No curto prazo, as exportações de GNL a partir dos EUA devem cair significativamente devido a uma explosão que danificou em junho o terminal Freeport LNG, no Texas, por onde passam 20% do gás exportados pelos EUA. De qualquer forma, os EUA não tinham capacidade para abastecer a Europa mesmo antes do incidente na planta do Texas. “Antes da explosão do Freeport LNG no início de junho, a exportação de GNL dos EUA já estava atingindo a capacidade máxima”, avaliou Kim.
“Supondo que tudo esteja funcionamento nos conformes em 2023, ainda estaremos com volume máximo de 12 bcf por dia. Não há nenhum novo projeto no curto prazo que possa aumentar substancialmente nossas exportações de GNL”, acrescentou.
A capacidade existente está em boa medida vinculada a contratos de longo prazo com nações não europeias, e a próxima rodada de construção de infraestrutura de exportação não deve estar pronta até 2024 ou até mesmo depois. Ainda assim, Kim aponta que não haveria capacidade suficiente para abastecer a Europa.
Além das limitações de capacidade, grupos empresariais e de consumidores dos EUA estão impacientes com os preços mais altos, puxados pelo aumento das exportações de GNL dos EUA. Paul Cicio, diretor-executivo da associação Industrial Energy Consumers of America, disse ao Wall Street Journal que “o consumidor americano, a economia americana, a segurança nacional americana estão em risco, a menos que mantenhamos estoques excedentes”.
De fato, os preços subiram à medida que o uso de ar-condicionado aumentou durante as recentes ondas de calor, contrariando a perda de demanda pela explosão da instalação do Freeport, que manteve nos EUA gás que seria destinado à exportação. A EIA informou recentemente que os estoques dos EUA estão 12% abaixo da média dos cinco anos anteriores para esta época do ano.
Metas climáticas deixadas de lado
O gás proveniente dos EUA também provoca oposição de ambientalistas. Grupos de defesa do clima argumentam que a expansão da infraestrutura de GNL necessária para aumentar as exportações significa abandonar as metas de redução das emissões de combustíveis fósseis.

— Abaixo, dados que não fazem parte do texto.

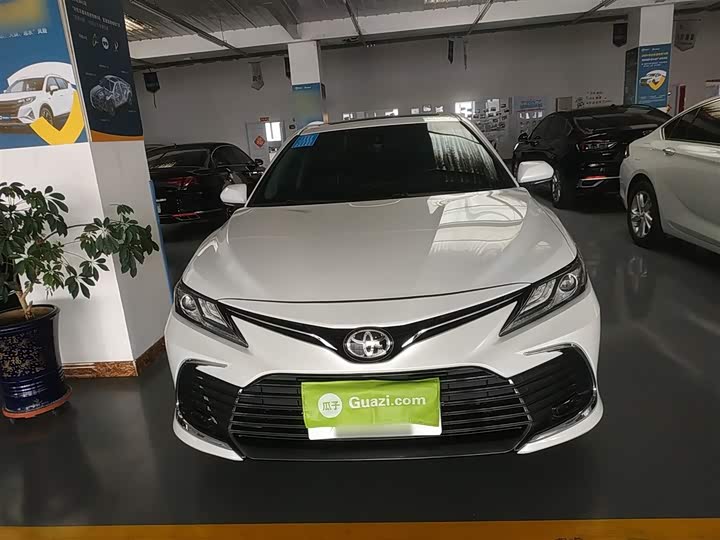 Фото 3 - Toyota Camry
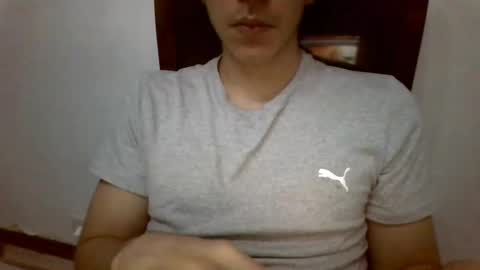 Snapshot of antonio_ricci chatting on February 16, 5:37 am antonio_ricci online show from February 16, 5:37 am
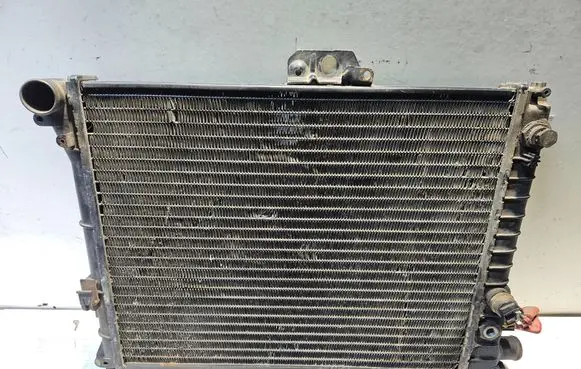Saab 9000 CD Coolant radiator 9382649GJ 9382649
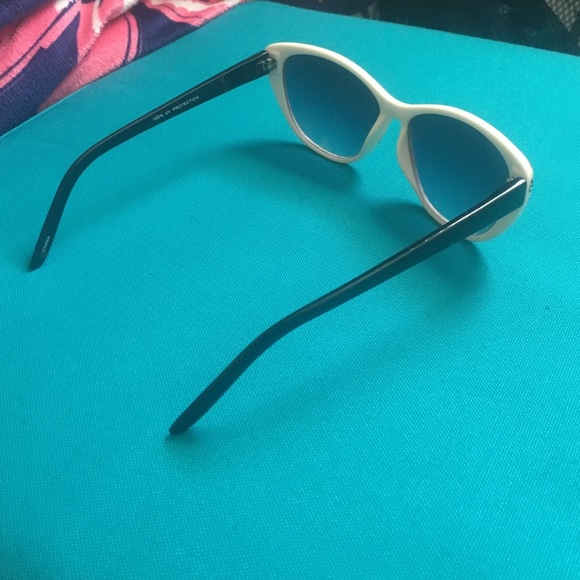 Floral sun glasses - Picture 2 of 3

“Uma grande preocupação é que as empresas exportadoras de GNL estão usando [a crise energética da Europa] como desculpa para tentar apressar o licenciamento para a construção de novos terminais de exportação e também evitar leis de poluição do ar”, disse Schneider, da Campanha do Texas pelo Meio Ambiente.
Os ativistas apontam que o GNL é responsável por um terço das emissões de carbono dos EUA e quase metade das de metano. O Painel Intergovernamental sobre Mudanças Climáticas da ONU (IPCC) rotula o metano, um gás de efeito estufa especialmente potente liberado pelo processo de fracking, como um dos grandes vilões da crise climática.

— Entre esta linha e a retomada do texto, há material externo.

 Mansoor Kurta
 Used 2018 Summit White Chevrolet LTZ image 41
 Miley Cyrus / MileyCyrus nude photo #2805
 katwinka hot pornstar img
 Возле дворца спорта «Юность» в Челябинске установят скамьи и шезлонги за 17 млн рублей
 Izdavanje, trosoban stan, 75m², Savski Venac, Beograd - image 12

Além disso, pesquisas mostram que os processos de extração e liquefação de gás natural podem ser extremamente perigosos e poluentes. Além do metano, o fracking pode liberar produtos químicos cancerígenos e nocivos no ambiente ao redor das instalações. O processo de liquefação também está sujeito a incêndios e explosões, como se viu nas instalações do Freeport, no Texas.
Schneider disse à DW que a explosão do terminal de Freeport é “um exemplo de por que tudo isso é perigoso”. “Estamos assustados. Poderia ter sido muito pior.”
Apesar dos riscos climáticos, a UE passou a incluir o gás natural em sua lista de energias sustentáveis, e os exportadores de gás dos EUA assinaram muitos contratos para atender parte da demanda europeia.
De acordo com Kim, houve uma mudança nas prioridades energéticas da Europa. “A transição energética costumava ser o tema dominante, mas agora a segurança energética entrou em cena para substituí-la.”
Schneider avalia que a Europa poderia buscar um caminho mais limpo, investindo mais fortemente em energia renovável, por exemplo. As novas instalações de exportação de GNL dos EUA não ajudariam a situação por mais três anos, disse, acrescentando que a Europa poderia “usar esta crise para implementar a transição para combustíveis mais sustentáveis”.